Closed littledan closed 4 months ago

littledan commented 6 years ago

TC39 has historically had a script used to periodically checkpoint its GitHub archive for storage in Ecma's servers. This needs to be recreated now, as the current version is no longer working. cc @ecmageneva @keithamus

keithamus commented 6 years ago

Can we please get a list of requirements for what is needed? If regular source code snapshots are needed then just git clone will suffice. If we need access to issue data, pull request data, and the source for each pull request - we can make use of the Graphql API to get to all of that data relatively easily. If we need more info, such as the source code of forks, the issues and pull requests on those forks - that may be a more complicated endevour.

Could someone please enumerate what the existing archival script recorded? This might be a useful starting point.

allenwb commented 6 years ago

The biggest concern is capturing metadata that isn't in git. In particular issues and PR comment threads

The last time I tried, the current script worked but was slow, and occasionally failed because of rate limits or timeout issues.

Note it is a raw dump and currently there are no provisions for extracting data from the dump. But it should be possible

So here is a scenario that ecma needs to enable:

Assume it is the year 2070. GitHub (and git) are long abandoned services and technologies. A history of technology PhD student wants to research the evolution of ES class features between ES 2015 to ES 2025. What does ECMA need to archive today to ensure that the raw material for that research will be available.

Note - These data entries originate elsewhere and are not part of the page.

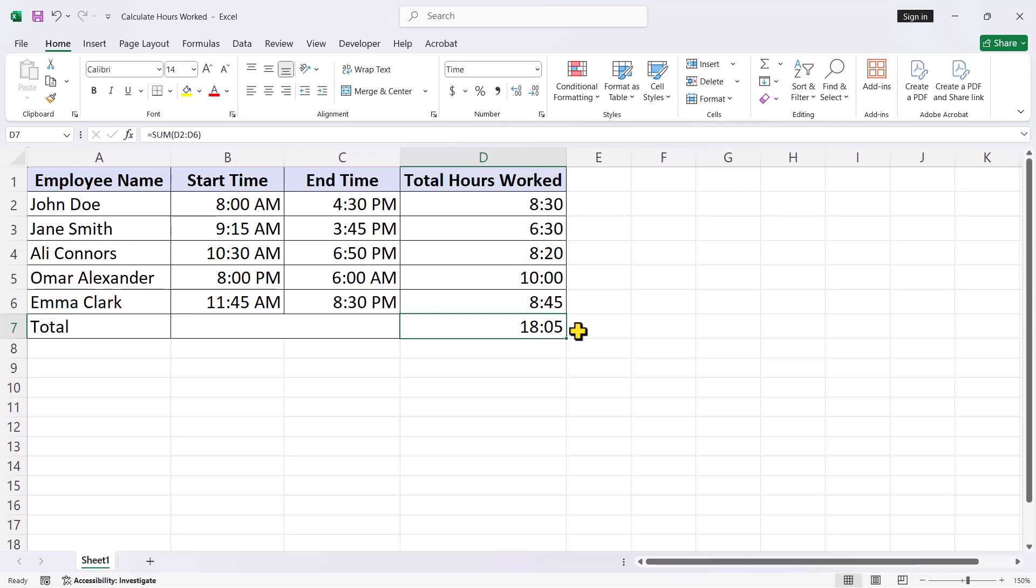However, when the total exceeds 24 hours as in this case, you will notice an issue. Instead of showing 42 hours and 5 minutes, Excel resets the count and displays only the remainder, like 18 hours and 5 minutes. This happens because by default, Excel doesn't account for the time sum exceeding 24 hours. But no need to worry, we can easily fix this.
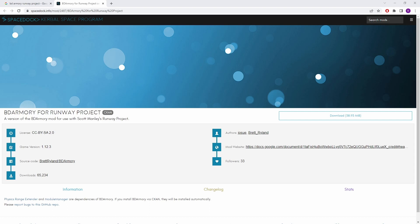But yeah, that sort of fell into disrepair and the aforementioned bunch of others jumped across and started making this, BD Armoury for Runway Project, which is primarily for Scott Manley's Runway Project series but is also a more updated version of BD Armoury just generally. A bunch of bug fixes, a bunch of balance changes.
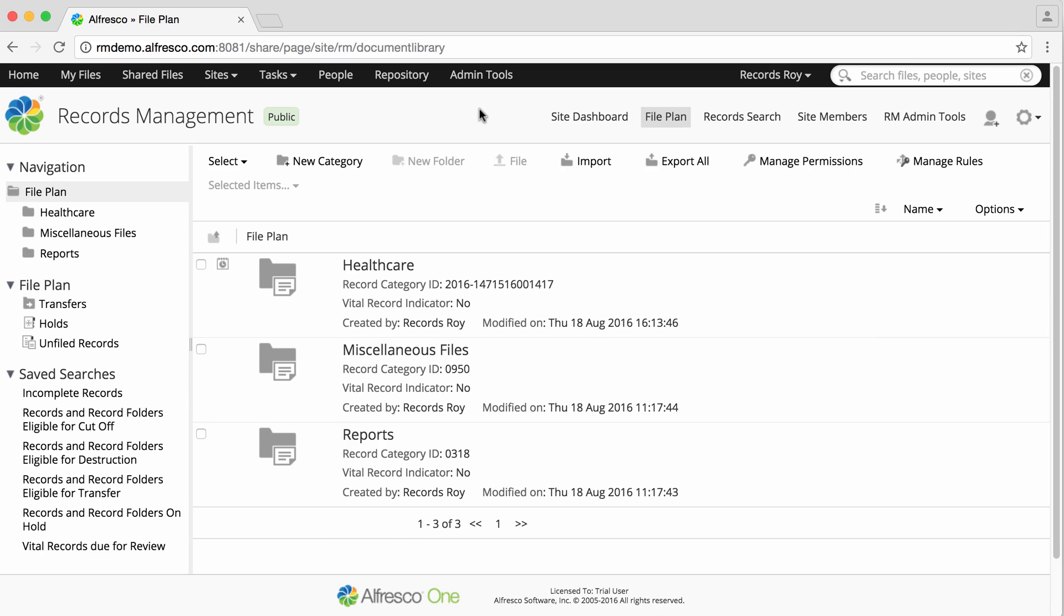Roles and capabilities are managed by the Alfresco administrator and control the actions users have within the file plan, such as the ability to create record categories or record folders. User permissions are managed at folder and category level and control whether users can read and file or just read.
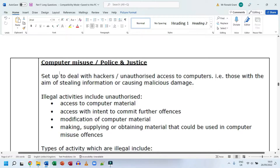The Computer Misuse and Police and Justice Acts were set up to deal with hackers and unauthorized access to computers — those with the aim of stealing information or causing malicious damage. Illegal activities include unauthorized access to computer material, access with intent to commit further offenses, modification of computer material, and making, supplying, or obtaining material that could be used in computer misuse offenses.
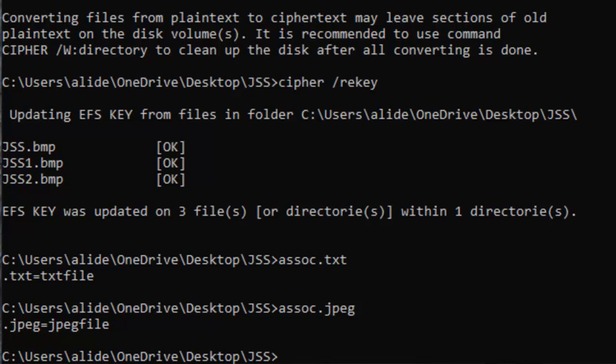You can simply type assoc dot and that specific extension, and then this command will tell you that it's related to which file form. These are all the commands we want to show you in this video.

allenwb commented 6 years ago

The current backup script is in https://github.com/tc39/Ecma-secretariat

IgnoredAmbience commented 6 years ago

The current backup script is in https://github.com/tc39/Ecma-secretariat

This repository doesn't appear to be visible to delegates.

allenwb commented 6 years ago

Fixed

IgnoredAmbience commented 6 years ago

Summary of that repository: the existing backup script is a wrapper around https://github.com/josegonzalez/python-github-backup

keithamus commented 6 years ago

I'm still unable to see the repo. Can someone please tell me how python-github-backup is invoked - specifically does it include the -F flag?

IgnoredAmbience commented 6 years ago

The line in question is: github-backup tc39 -o $BKUPDIR --all -O -P -t $TOKEN

The script was last modified on 11 Apr 2016, so will correspond to version 0.9.0 of the python-github-backup tool.

IgnoredAmbience commented 6 years ago

Possibly the breaking change for running this script for Ecma was the dropping of Python 2 support?

allenwb commented 6 years ago

@keithamus you should now have access to the repo

allenwb commented 6 years ago

@IgnoredAmbience note that the script does an updates of its version of github-backup each time the script is run.

keithamus commented 6 years ago

GitHub has started to offer a user migration API. With this API you can make REST request to GitHub's migration endpoint, and it will kick off a process of .tar.gzing the following data:

You can then query for when the tar becomes available, and when it does, you will be given a URL to download the .tar.gz in its entirety.

In other words, GitHub now has a blessed route to do (almost) everything that the python script does.

I say almost, because the big question we still have is: how important are forks. The backup script right now does --all which implies -F, which goes ahead and downloads every fork in the tc39 network. With every proposal repo (which have between hundreds to thousands of forks) and the Spec (6k forks and counting) you're talking north of 20-30,000 additional repository downloads. Forks (in general) offer very low signal to noise: many forks have 0 changes to them, some will have 1 or more changes which are already available in the central repos PR data, and a small percentage will have commit data which was never pull requested.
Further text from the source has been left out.